Lining up to get water in Chennai in the summer of 2019.

Lining up to get water in Chennai in the summer of 2019.

Cyclone Amphan hit India and Bangladesh on 20 May during the coronavirus lockdown. The storm was devastating. At least 80 people died and millions had to abandon their homes. According to experts, this tempest was one of the worst the region has seen in two decades.

Masses of people lost access to safe drinking water and electric power. The pandemic made it harder to evacuate exposed places before the storm and to clean up after it. Lockdown and social distancing had to be suspended even though Covid-19 was spreading.

Cyclones occur regularly in the Bay of Bengal. Scientists tell us, however, that their number and intensity are increasing due to the climate crisis. As the sea surfaces’ temperatures are increasing, storm patterns are changing. Hurricanes, typhoons and cyclones belong to the extreme weather scenarios that are becoming more frequent or more forceful, researchers warn. Others are heat waves, droughts and excessive rain.

Disasters of this kind put human lives at risk directly and indirectly. Storms destroy wells and water pipes. Droughts reduce water availability. Developing countries and emerging markets are affected in particular as their infrastructures tend to be weaker and their climates tend to be harsher. The export of “virtual” water compounds the problems: water that is used to produce crops or manufactured goods for delivery to more prosperous nations is normally no longer available for other purposes. More and better water treatment capacities would be helpful.

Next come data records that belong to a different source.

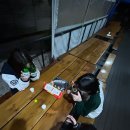 청기와 개미집 | 초여름 한 스푼 가득 담아주세요_ :-)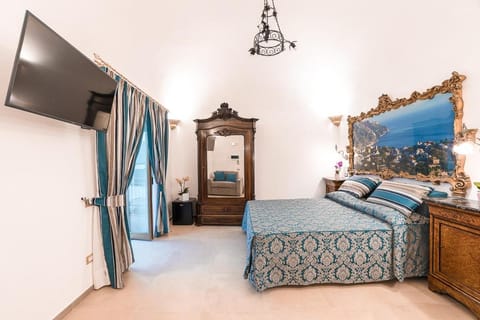 Angeli a Ravello Bed and Breakfast in Ravello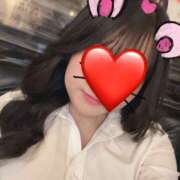 ヒメ日記 2025/06/23 18:24 投稿 める non-non 神田(ノンノン神田)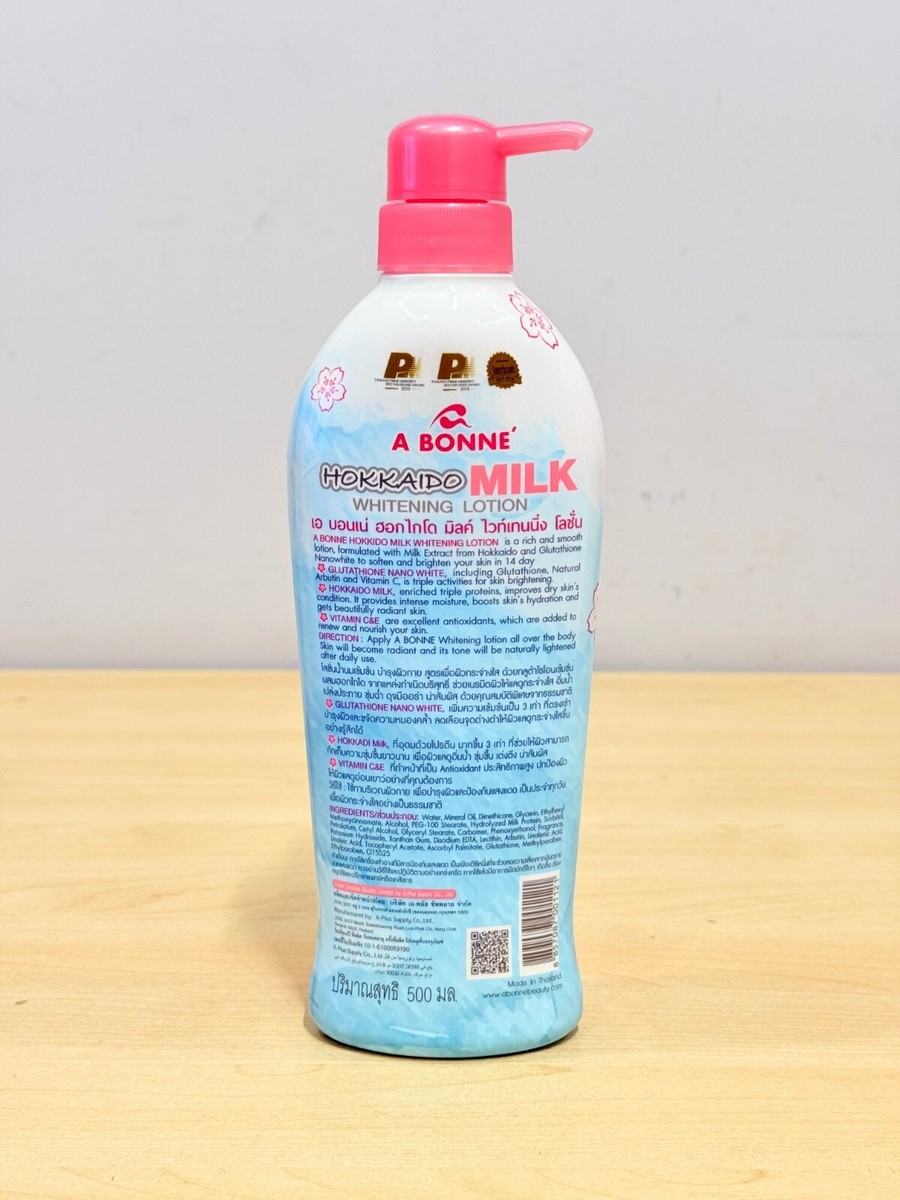 a bonne white glutathione lotion review Bestseller na tomato lotion from @A Bonne' Philippines 500ml! With  glutathione for whitening, tomato extract and uv protection!!!❤️❤️ HINDI  MALAGKIT SA BALAT!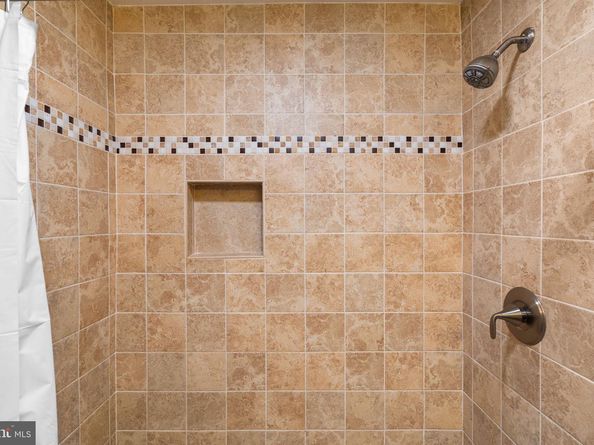2306 Barbour Road, Falls Church VA 22043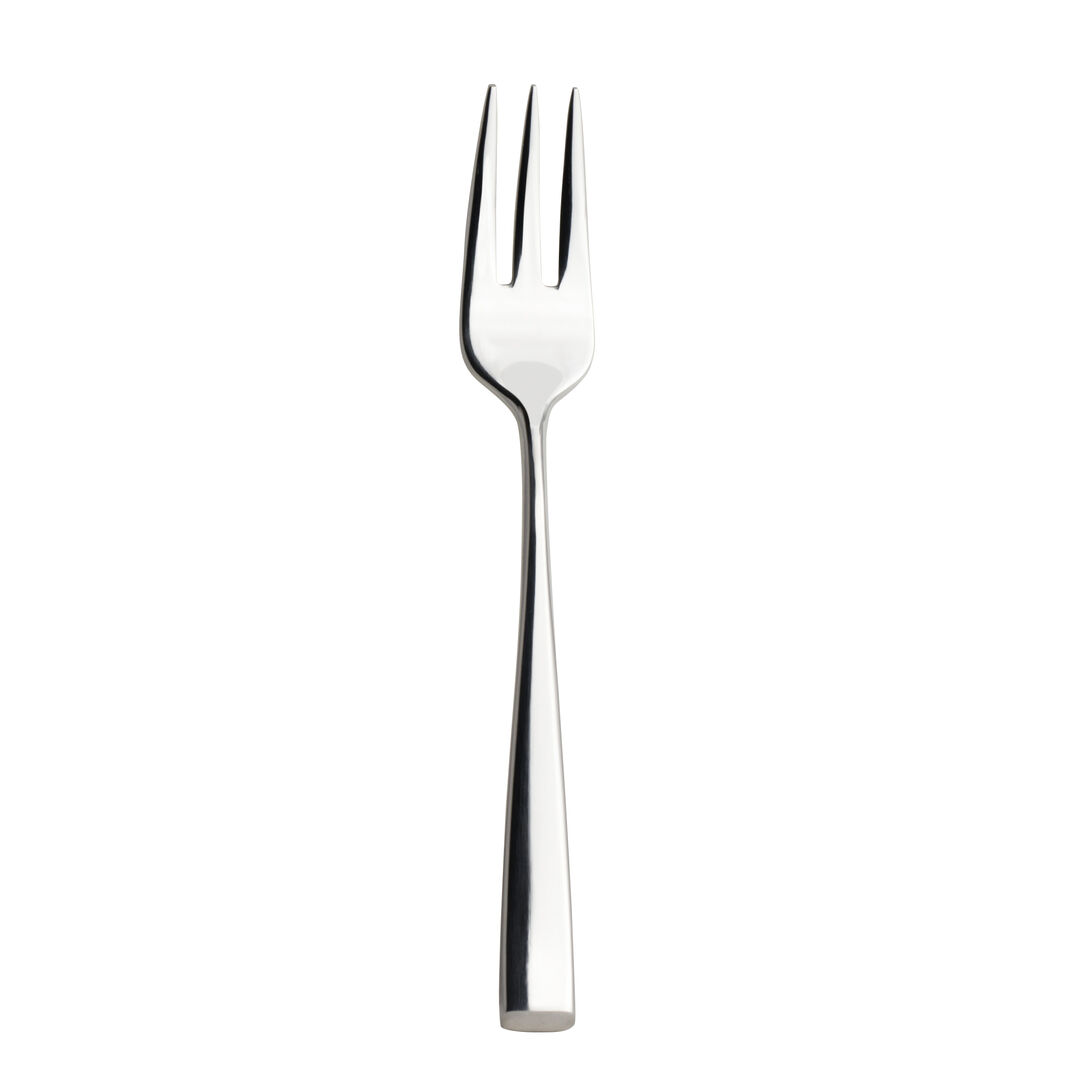 Hartman Cocktail Fork 14.5cm (5 3/4"") Stainless Steel Tableware Pack of 12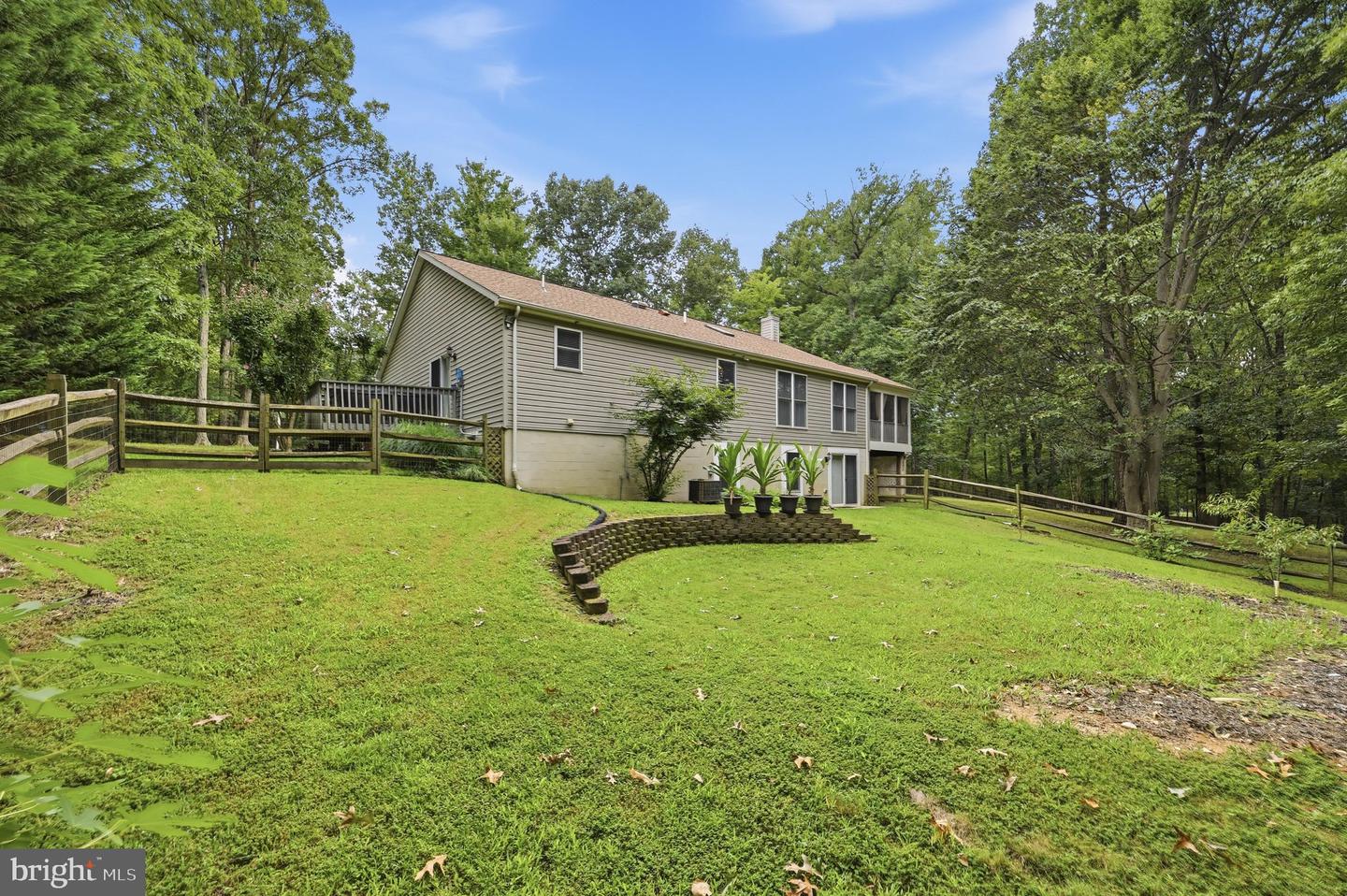 18664 Rivergate Rd Property Photo 41
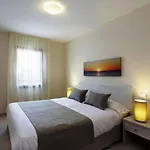 Pierre & Appartement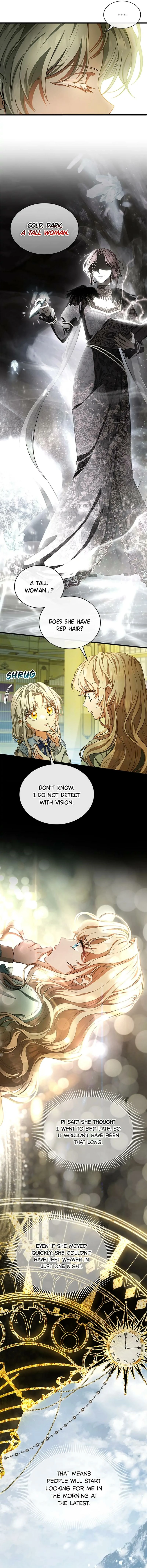 Read The Hero
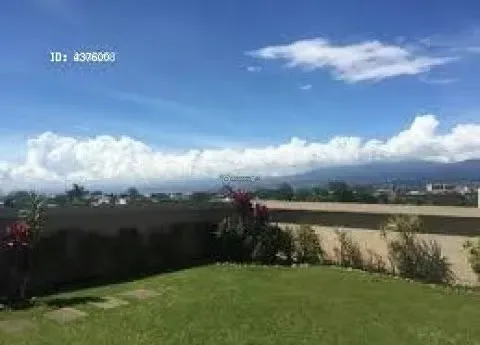 Hermoso y centrico Apartamento amueblado a pasos de mall San Pedro y de Edificio Sigma 2 habitaciones amueblado 2 parqueos seguridad 24 /7, photo 12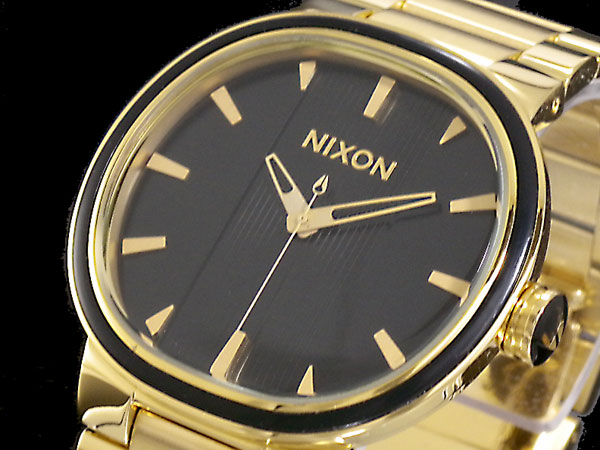 卸問屋KLJAPAN】ブランド腕時計を仕入れることができる、会員登録無料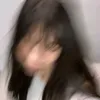fadinha_ofc9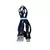 Cabo INOVA - USB V8 - 3.4A - 1 Metro - CBO-7546 - comprar online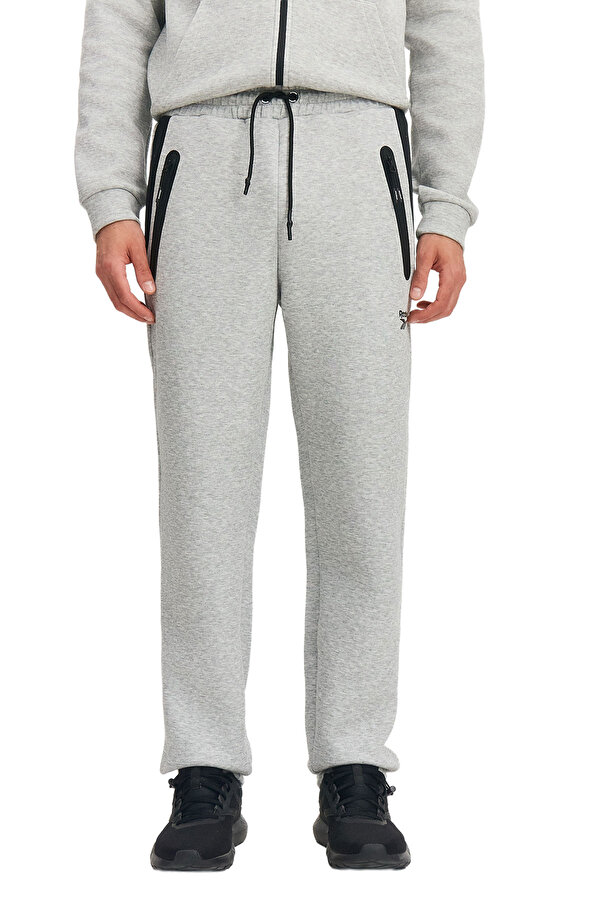 Clothing Reebok Classic Jogger Серый 025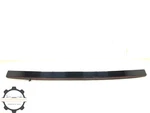 2013-2019 Bmw F06 650I 640I Rear High Mount 3RD Brake Light Lamp Oem #for Parts. Fixed Price $149.97.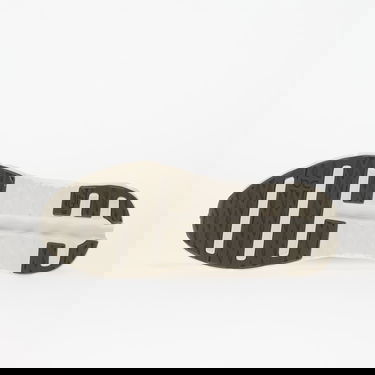 Sneakers og sko On Running On Cloudtilt Beige | 3ME10104303, 1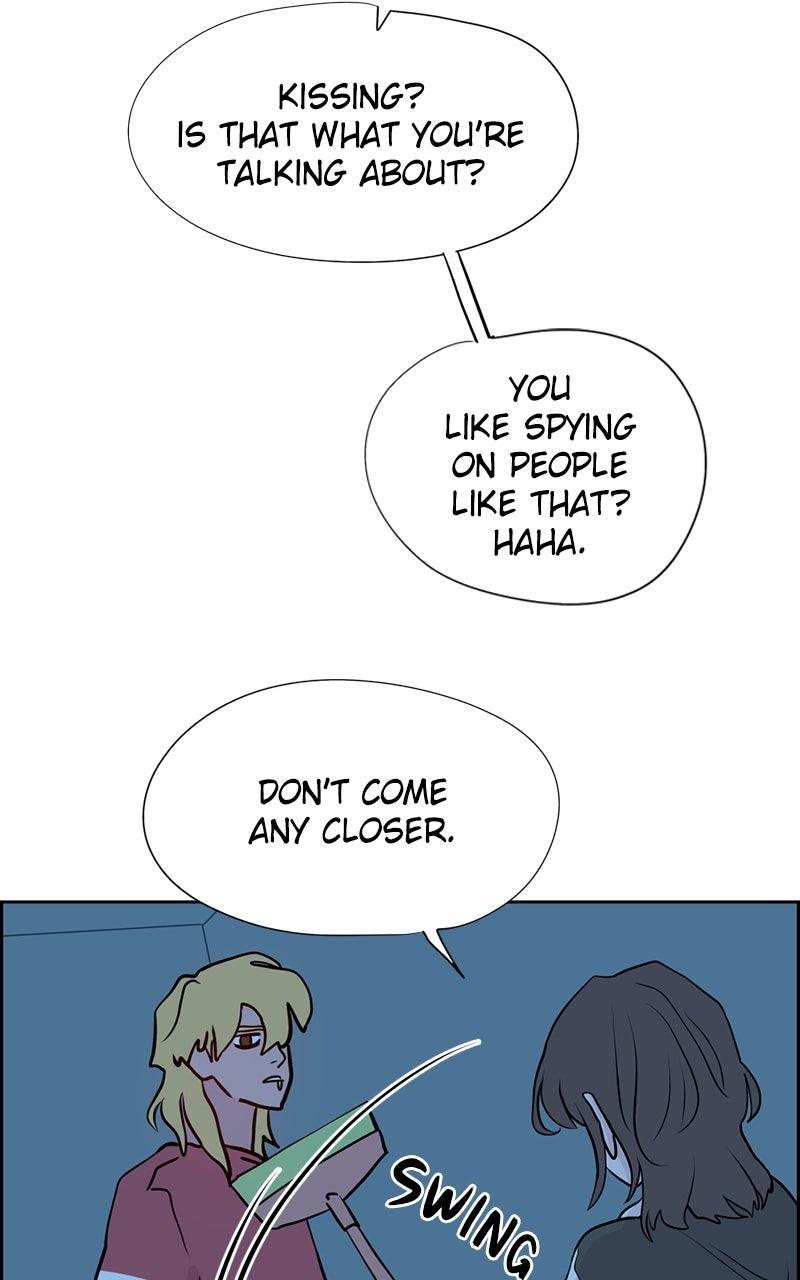 Copy-Paste Romance Chap 9 - Next Chap 10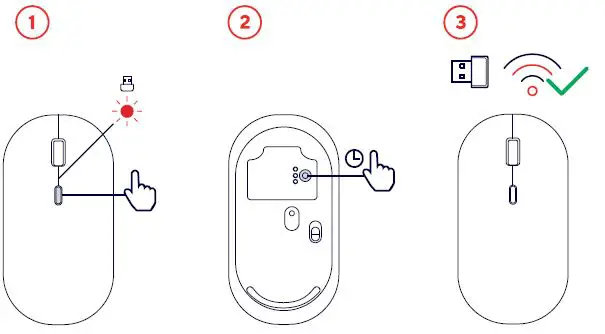 Trus- 24843-Lyra-Wireless-Keyboard-and-Mouse-Set-4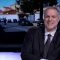 TG MATTINA 31 MARZO 2025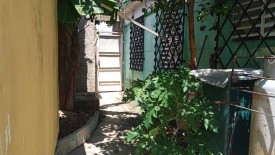 Detached House with 5 bedrooms for sale in Playa Baracoa, Bauta, Artemisa - Thumbnail 28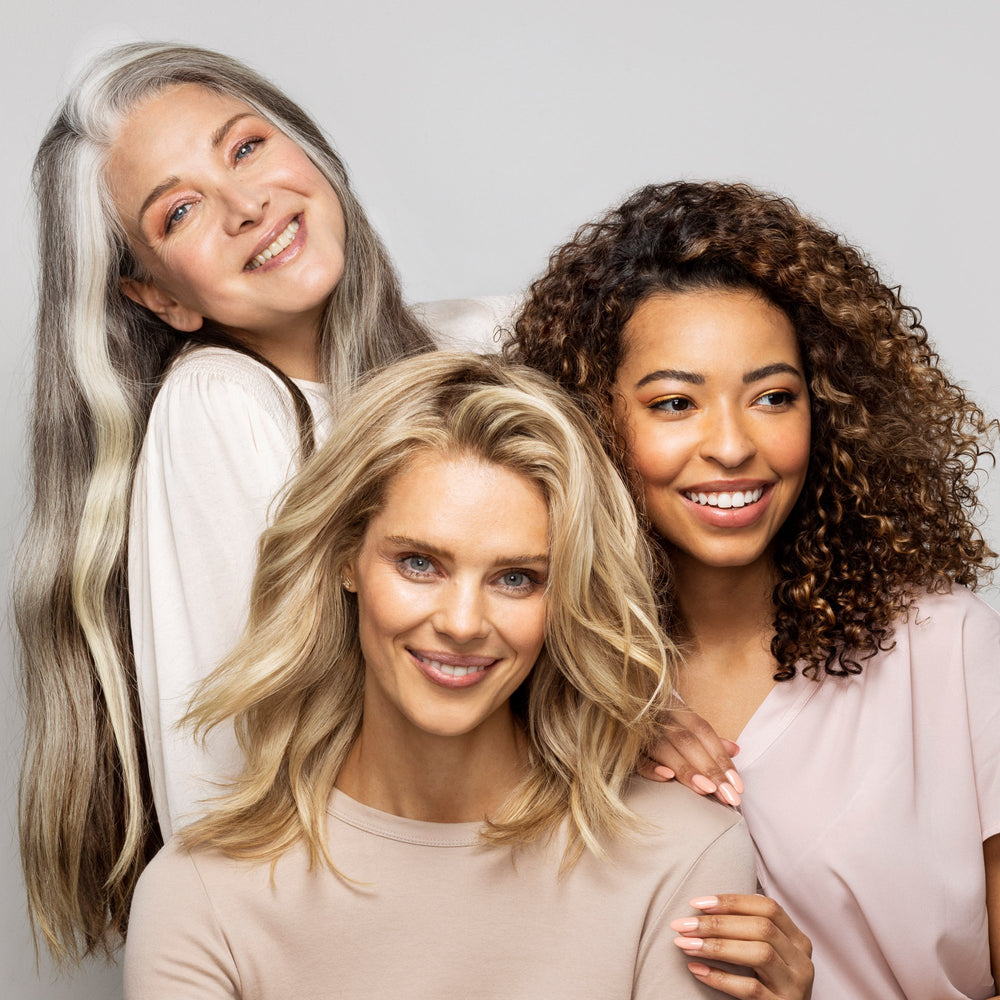olaplex-no-8-masque-hydratant-bond-intense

Political scientists have been warning for a long time that future wars may erupt because of water scarcity. So far, that has not happened, but nonetheless water is relevant in many conflicts. Tensions are increasing, for example, between nomadic herders and farmers in the Sahel region. The climate is changing and rainfall is becoming increasingly unpredictable. Lake Chad is shrinking. The livelihoods of fisherfolk and farmers are disappearing, and that trend enables the Islamist militia Boko Haram to recruit desperate young men (see Damilola Oyedele in Focus section of D+C/E+Z e-Paper 2017/06).

Water is a contentious issue in the Middle East as well. Israelis and Palestinians are not only divided by faith and politics. Water matters too, and it is mostly controlled and consumed by Israel. Palestinians and Jordanians only get a rather small share. In many world regions, water-related disputes are intensifying, especially where several nations depend on the same rivers or aquifers.

Distribution within nation states tends to be inequitable as well. All too often, access to water depends on purchasing power. Prosperous neighbourhoods have more or less reliable infrastructure, including for sanitation purposes. Villages and informal urban settlements typically lack such amenities. One result is that the communities concerned are now more exposed to Covid-19. They cannot observe some basic hygiene rules: if you do not have enough water, you cannot afford to wash your hands often.


Sabine Balk is a member of the editorial team of D+C/E+Z.